━━━ GIVEN RECORDS

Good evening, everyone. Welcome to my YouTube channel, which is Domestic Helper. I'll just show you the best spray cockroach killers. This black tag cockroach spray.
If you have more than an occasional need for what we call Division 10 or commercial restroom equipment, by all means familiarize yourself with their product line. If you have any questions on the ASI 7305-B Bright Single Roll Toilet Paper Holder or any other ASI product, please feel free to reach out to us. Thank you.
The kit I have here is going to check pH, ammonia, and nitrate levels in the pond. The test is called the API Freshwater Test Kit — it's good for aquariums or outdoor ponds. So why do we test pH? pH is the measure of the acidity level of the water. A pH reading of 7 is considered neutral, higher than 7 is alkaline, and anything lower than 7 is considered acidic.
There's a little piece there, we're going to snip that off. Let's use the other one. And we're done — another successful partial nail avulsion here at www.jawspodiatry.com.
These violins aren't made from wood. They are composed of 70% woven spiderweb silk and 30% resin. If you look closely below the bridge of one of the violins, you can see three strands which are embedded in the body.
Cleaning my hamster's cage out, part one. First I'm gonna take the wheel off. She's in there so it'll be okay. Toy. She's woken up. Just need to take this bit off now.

━━━━━━
━━━ GIVEN RECORDS

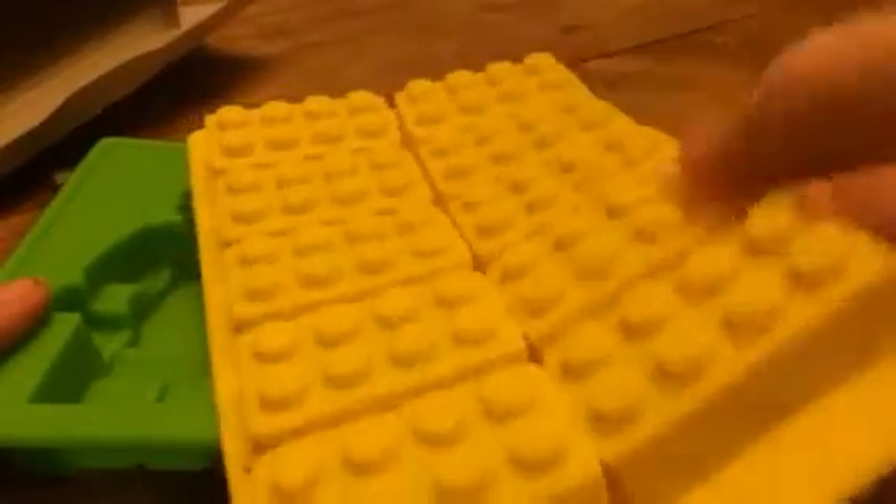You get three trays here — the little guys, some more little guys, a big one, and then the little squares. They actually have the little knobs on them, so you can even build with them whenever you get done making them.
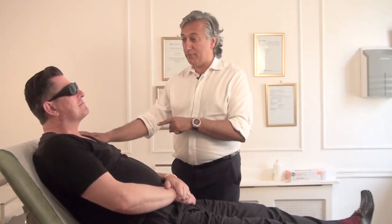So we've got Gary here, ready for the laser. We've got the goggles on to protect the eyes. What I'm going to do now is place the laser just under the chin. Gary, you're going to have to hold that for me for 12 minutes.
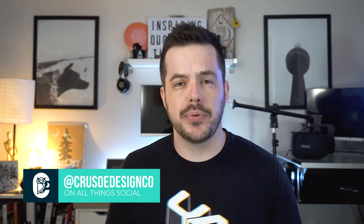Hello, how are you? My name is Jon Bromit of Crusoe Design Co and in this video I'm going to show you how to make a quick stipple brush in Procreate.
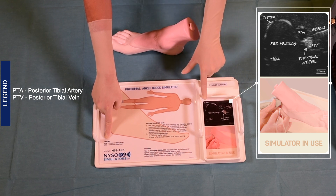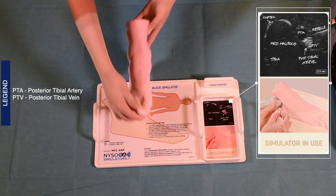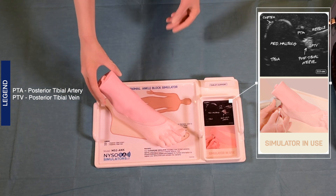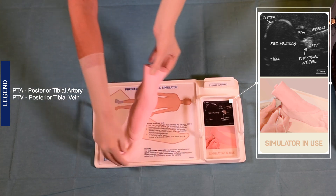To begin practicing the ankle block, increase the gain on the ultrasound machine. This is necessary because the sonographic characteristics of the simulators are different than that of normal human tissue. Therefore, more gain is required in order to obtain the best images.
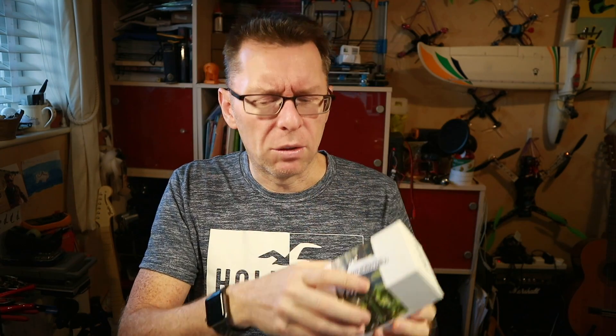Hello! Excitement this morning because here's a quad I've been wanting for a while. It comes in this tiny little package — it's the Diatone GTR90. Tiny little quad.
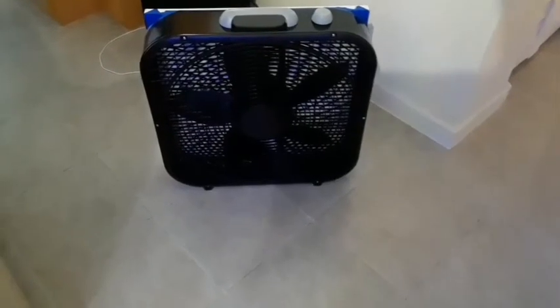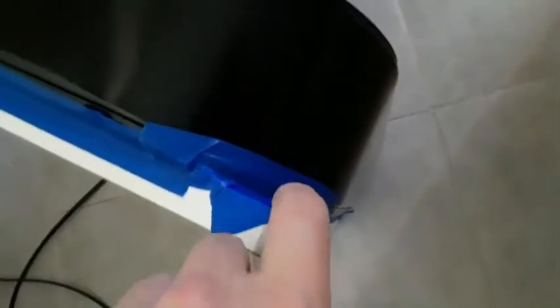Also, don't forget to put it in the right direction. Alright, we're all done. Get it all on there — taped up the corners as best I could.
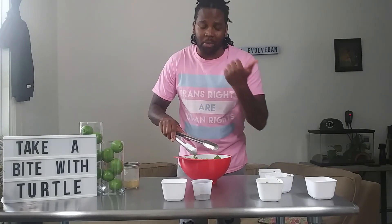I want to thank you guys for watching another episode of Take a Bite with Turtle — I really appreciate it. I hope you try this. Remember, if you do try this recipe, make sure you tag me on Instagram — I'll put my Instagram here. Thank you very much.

━━━━━━
━━━ GIVEN RECORDS

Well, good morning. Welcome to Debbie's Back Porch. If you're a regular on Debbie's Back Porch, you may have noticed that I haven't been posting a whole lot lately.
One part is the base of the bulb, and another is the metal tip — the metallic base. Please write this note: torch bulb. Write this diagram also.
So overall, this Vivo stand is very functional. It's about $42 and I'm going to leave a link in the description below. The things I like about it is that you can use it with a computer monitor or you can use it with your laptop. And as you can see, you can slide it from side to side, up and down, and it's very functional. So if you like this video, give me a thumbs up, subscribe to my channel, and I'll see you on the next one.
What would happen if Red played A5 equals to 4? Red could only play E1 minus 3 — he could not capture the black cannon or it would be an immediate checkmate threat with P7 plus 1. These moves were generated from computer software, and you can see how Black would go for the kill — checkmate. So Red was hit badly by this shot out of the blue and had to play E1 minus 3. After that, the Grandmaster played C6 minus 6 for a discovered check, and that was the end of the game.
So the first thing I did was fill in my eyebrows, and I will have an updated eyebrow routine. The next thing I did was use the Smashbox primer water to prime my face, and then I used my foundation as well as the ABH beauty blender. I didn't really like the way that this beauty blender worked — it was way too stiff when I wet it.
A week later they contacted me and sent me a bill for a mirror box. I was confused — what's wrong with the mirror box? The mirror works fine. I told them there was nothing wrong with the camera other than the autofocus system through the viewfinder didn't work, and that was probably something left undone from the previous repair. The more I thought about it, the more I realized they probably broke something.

━━━━━━

__YOUR INSTRUCTIONS__
The material above holds pictures; leave them out and set down exactly the lines from the line with "So we've got" to the line with "Hello! Excitement this", both included.

__ANSWER BELOW__
So we've got Gary here, ready for the laser. We've got the goggles on to protect the eyes. What I'm going to do now is place the laser just under the chin. Gary, you're going to have to hold that for me for 12 minutes.
Hello, how are you? My name is Jon Bromit of Crusoe Design Co and in this video I'm going to show you how to make a quick stipple brush in Procreate.
To begin practicing the ankle block, increase the gain on the ultrasound machine. This is necessary because the sonographic characteristics of the simulators are different than that of normal human tissue. Therefore, more gain is required in order to obtain the best images.
Hello! Excitement this morning because here's a quad I've been wanting for a while. It comes in this tiny little package — it's the Diatone GTR90. Tiny little quad.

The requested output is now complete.